Available data =
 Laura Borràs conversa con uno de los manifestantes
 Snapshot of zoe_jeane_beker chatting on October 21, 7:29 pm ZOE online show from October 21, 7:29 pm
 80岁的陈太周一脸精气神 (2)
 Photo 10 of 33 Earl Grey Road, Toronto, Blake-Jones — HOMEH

---

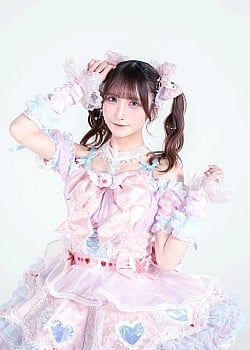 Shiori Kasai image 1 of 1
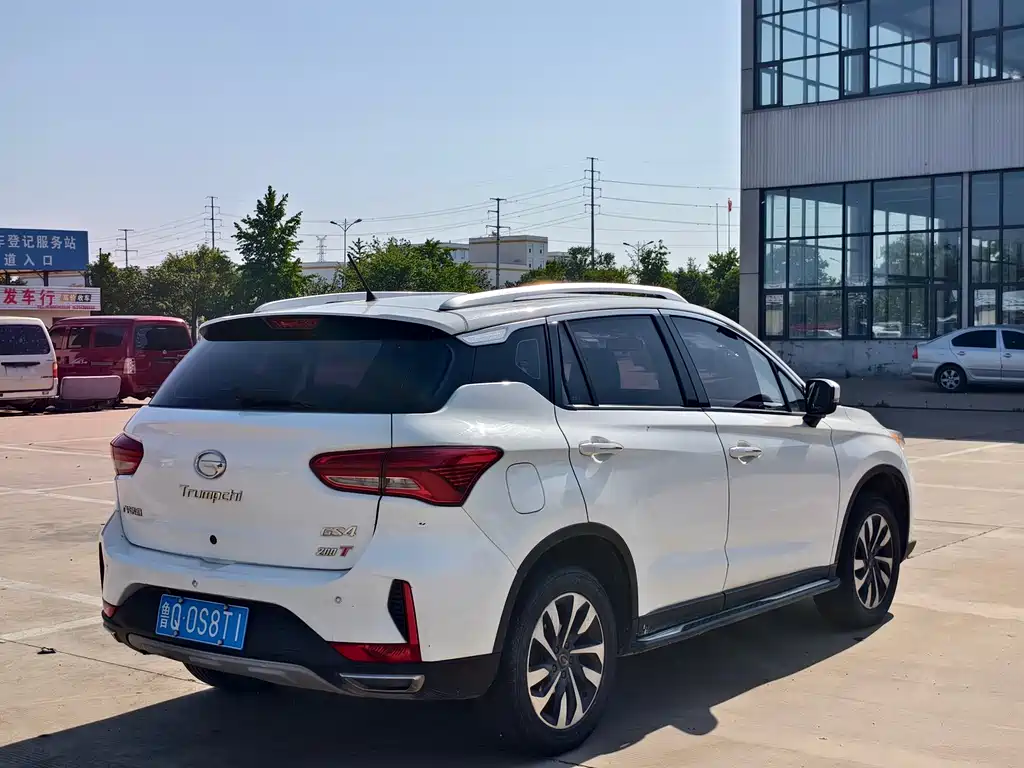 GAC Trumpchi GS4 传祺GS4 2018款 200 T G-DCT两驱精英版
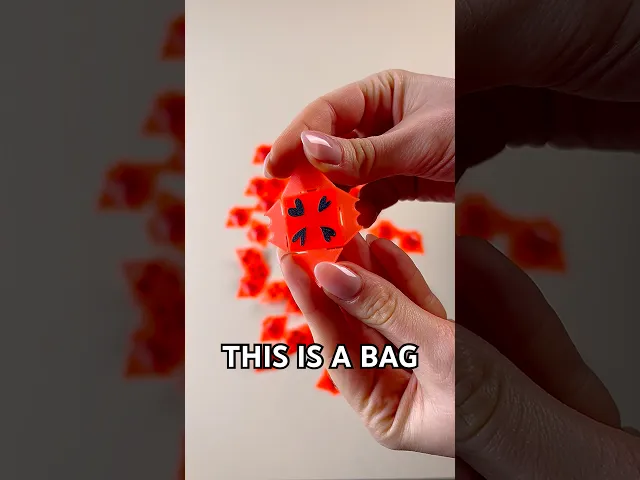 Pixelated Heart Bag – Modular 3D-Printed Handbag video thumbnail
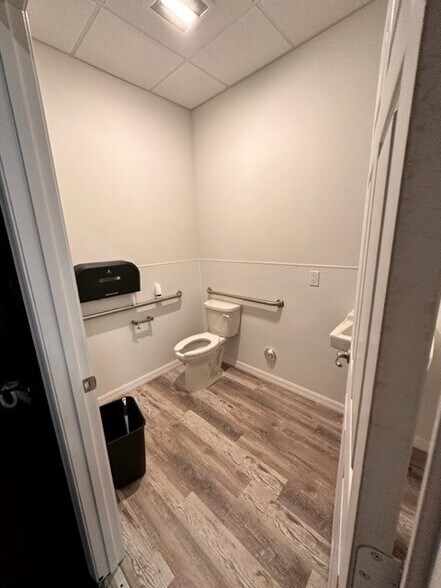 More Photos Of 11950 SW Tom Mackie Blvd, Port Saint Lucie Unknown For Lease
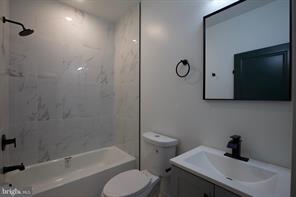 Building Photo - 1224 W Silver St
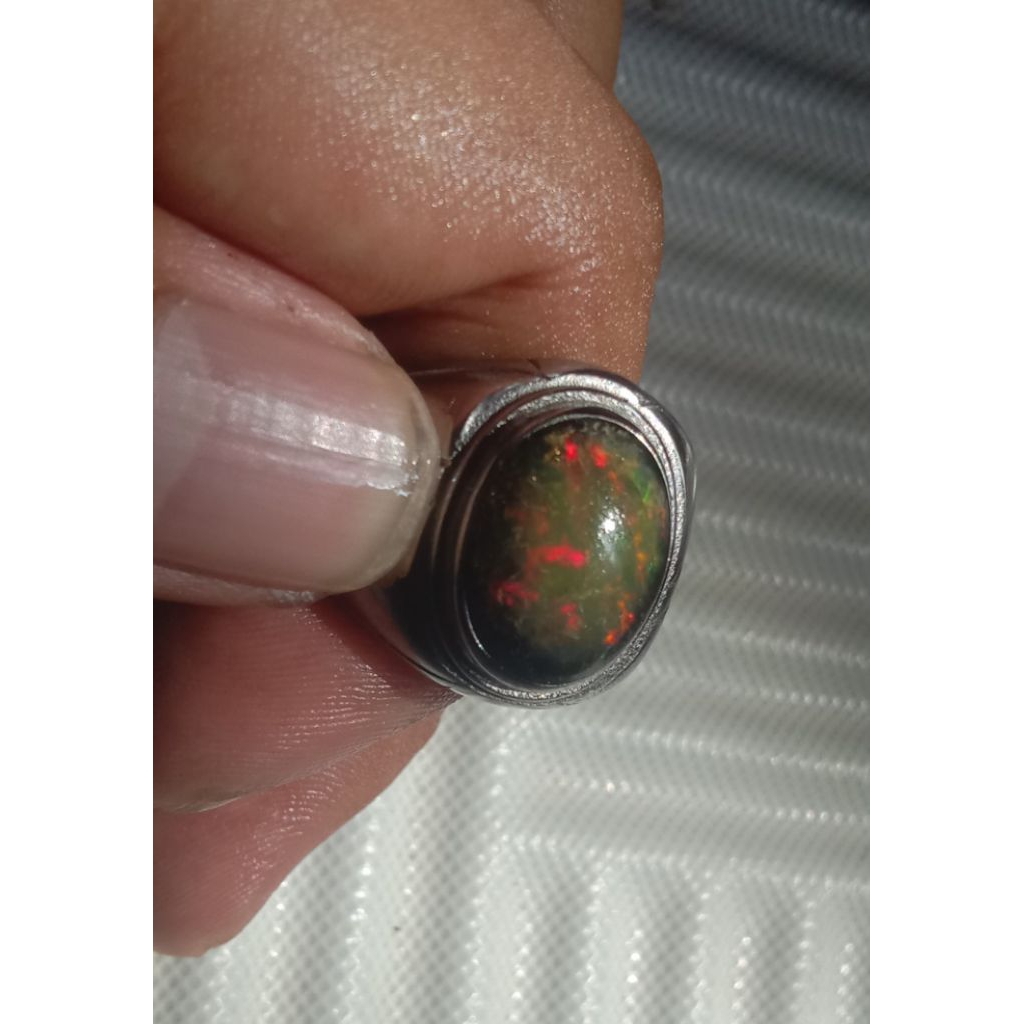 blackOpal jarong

What to work on =
Copy the records above exactly, beginning at the line that contains "Laura Borràs conversa" and stopping after the line that contains "Photo 10 of".

Answer to this exercise =
 Laura Borràs conversa con uno de los manifestantes
 Snapshot of zoe_jeane_beker chatting on October 21, 7:29 pm ZOE online show from October 21, 7:29 pm
 80岁的陈太周一脸精气神 (2)
 Photo 10 of 33 Earl Grey Road, Toronto, Blake-Jones — HOMEH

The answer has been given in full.